Dafür gibt es weder Lehre noch Studium. Wie also wird man Kinobesitzerin?

MICHAELA ENGLERT: Aus Versehen. Mich hat es von Anfang an in die Filmbranche gezogen, die Frage war zunächst nur: Filme kritisieren, also Journalismus, oder Filme machen? Aber zunächst landete ich dann bei der Austrian Film Commission, danach in der Pressestelle von diversen Filmverleihen und zwischendurch machte ich mein Studium fertig. Heute bin ich beim Thimfilm-Verleih für Presse und Marketing zuständig.

Und das Kino?

ENGLERT: Ich wohne seit eh und je in der Kaiserstraße. Nachdem ich mit großem Bedauern beobachtete, wie dort das Erika-Kino geschlossen wurde, und dann erfuhr, dass das nahe gelegene Admiral-Kino dasselbe Schicksal erfahren sollte, dachte ich: So, und jetzt musst du was tun, nicht immer nur jammern! Also rief ich Herrn Hammelmayer, den Vorbesitzer, an. Der hatte schon alles weggeräumt, meinte aber: "Tja, wenn Sie unbedingt wollen . . ." Ich zahlte ihm eine Ablöse für die Geräte und habe mich dann blauäugig in das Leben als Nebenerwerbskinobesitzerin gestürzt.
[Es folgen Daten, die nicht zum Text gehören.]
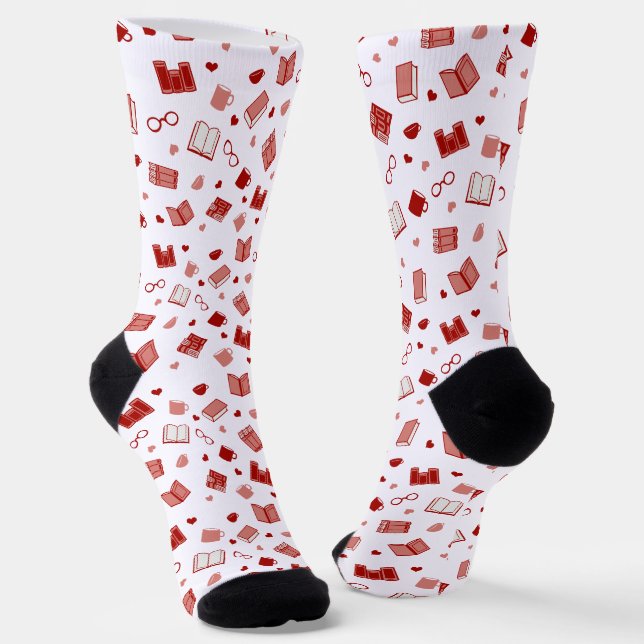 Niedliches Red Book and Reading Pattern Socken (Gewinkelt)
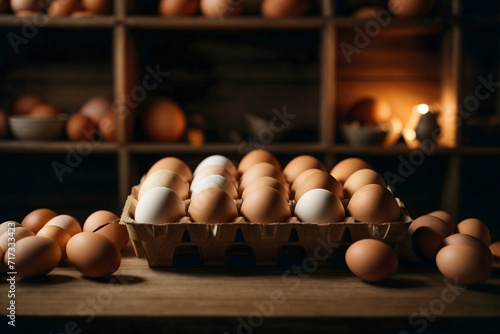 Cuadro en lienzo Eggs in a carton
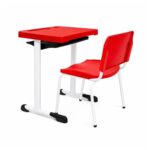 Conjunto Escolar Individual Adulto com Mesa e Cadeira Vermelho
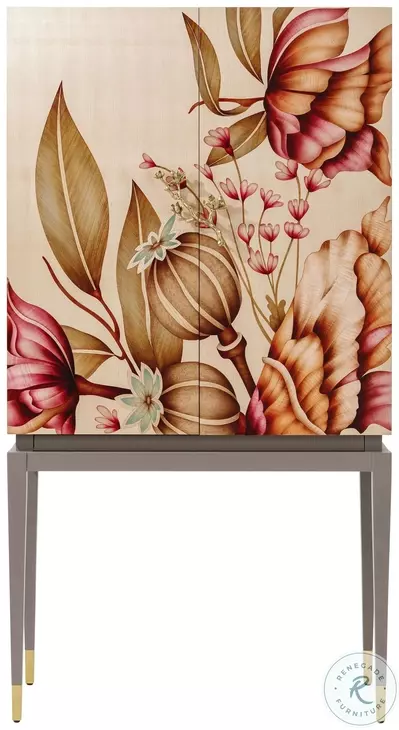 Bouquet Multi Colored 2 Door Bar Cabinet
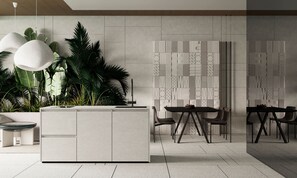 Kylskåp, mikrovågsugn, diskmaskin och kaffe- och tebryggare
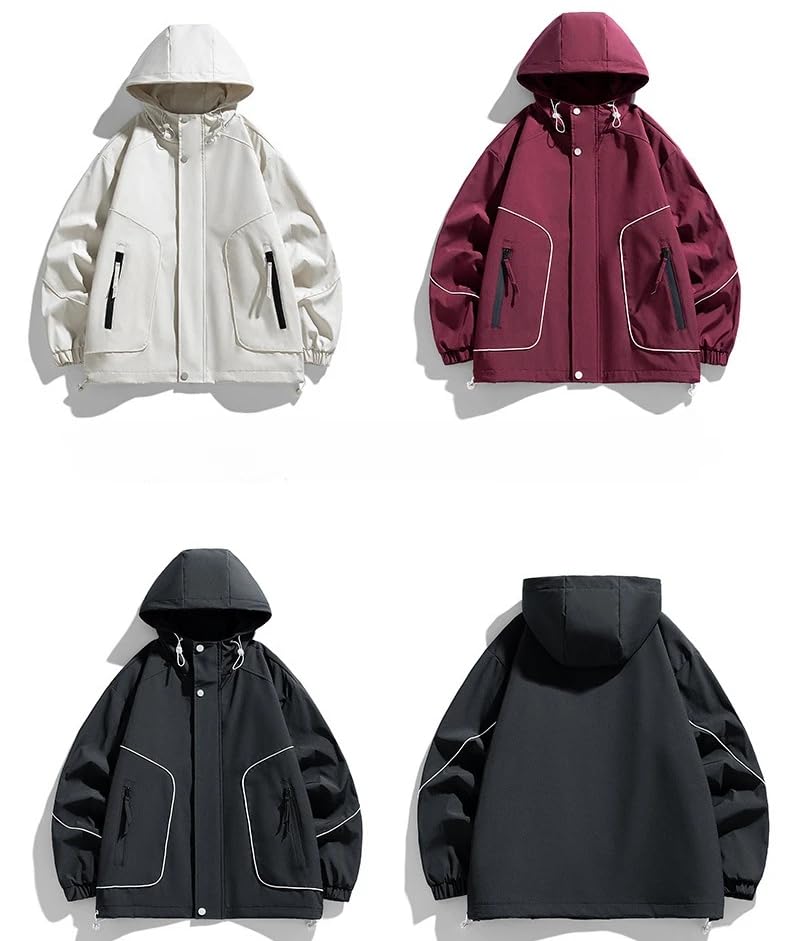 Large Size Hooded Jackets Spring Autumn Youth Loose Casual Multi-pocket Jacket Coat4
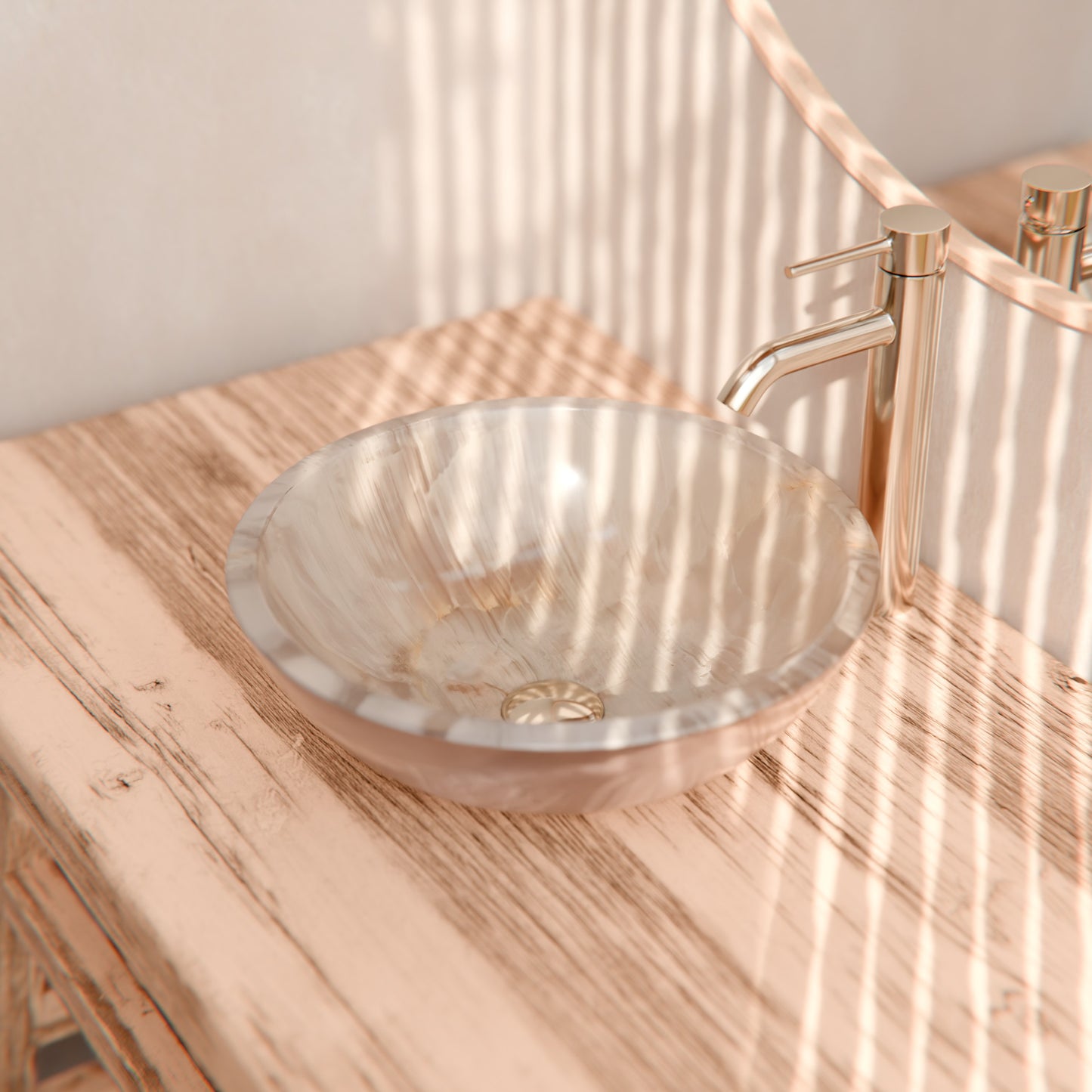 Natural white onyx stone vessel bathroom sink by Novatto, featuring a smooth, polished transitional design.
Zum "Erwerb" kam es jedoch nie. Das Kino wurde mein Steckenpferd. Ein teures Segelboot, sage ich immer.

Sicher mussten Sie eine Menge investieren?
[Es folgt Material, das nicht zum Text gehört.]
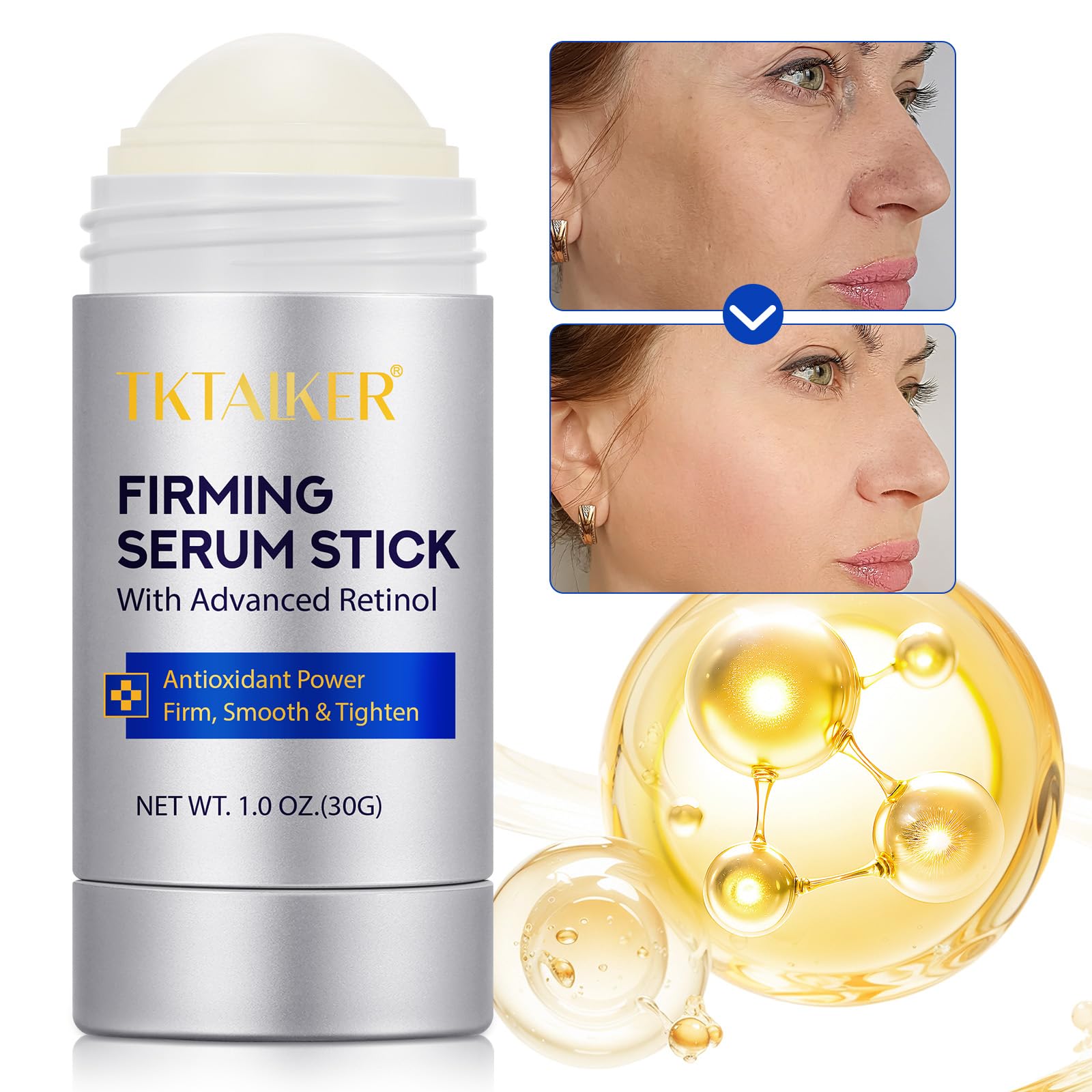 TKTALKER Advanced Retinol Stick in action for precise wrinkle and laugh line care.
ENGLERT: Na klar. Ich bin es aber ziemlich naiv angegangen. Anfangs ließ ich mich von einem Vorführer technisch beraten, dem wurde es zu viel, doch da zeigte sich, was wahre Freunde sind. Mehrere Leute aus der Branche haben mir zunächst "ehrenamtlich" geholfen. Als ich die technischen Griffe in der Vorführkabine beherrschte, kam das Renovieren. Da musste etwa gleich eine neue Leinwand her, denn die alte hatte ein Loch. Bei Großaufnahmen von weiblichen Stars war das immer der "Schönheitspunkt", wie wir scherzten. Wir verbesserten den Ton, es kam eine neue Vorführmaschine und schließlich, vor zwei Jahren, haben wir auch noch die Digitalisierung geschafft.

Kostenpunkt?

ENGLERT: Ich habe ungefähr 70.000 Euro reingesteckt. Was die Technik betrifft, ist das Admiral ein absolut modernes Kino.

Die Digitalisierung, das Nonplusultra?

ENGLERT: Schon, doch sie birgt auch Gefahren. Die alten Zelluloid-Filme konnte man, wenn sie gerissen waren, kleben. Die Digitalmaschinen sind aber Computer. Wenn da was ist, geht nichts mehr. Deshalb muss man einen nicht unbedingt billigen Vertrag mit einer Wartungsfirma abschließen, die Tag und Nacht bereit ist. Gott sei Dank sind seit meinem Anfang erst zwei Vorstellungen aus technischen Gründen ausgefallen.

Es handelt sich übrigens um ein traditionsreiches Haus, das vor Kurzem den 100. Geburtstag feierte?

ENGLERT: Aus diesem Anlass habe ich mich schlau gemacht, habe herausbekommen, dass einst eine Familie Ebner das Kino besaß, habe die Fühler ausgestreckt. Tatsächlich meldete sich plötzlich ein Mister Henry Ebner aus London, 1936 geboren, Sohn der früheren Chefin, heute pensionierter Staatsanwalt. Er kam zur Geburtstagsfeier und besucht mich seither, was mich besonders freut, jedes Jahr.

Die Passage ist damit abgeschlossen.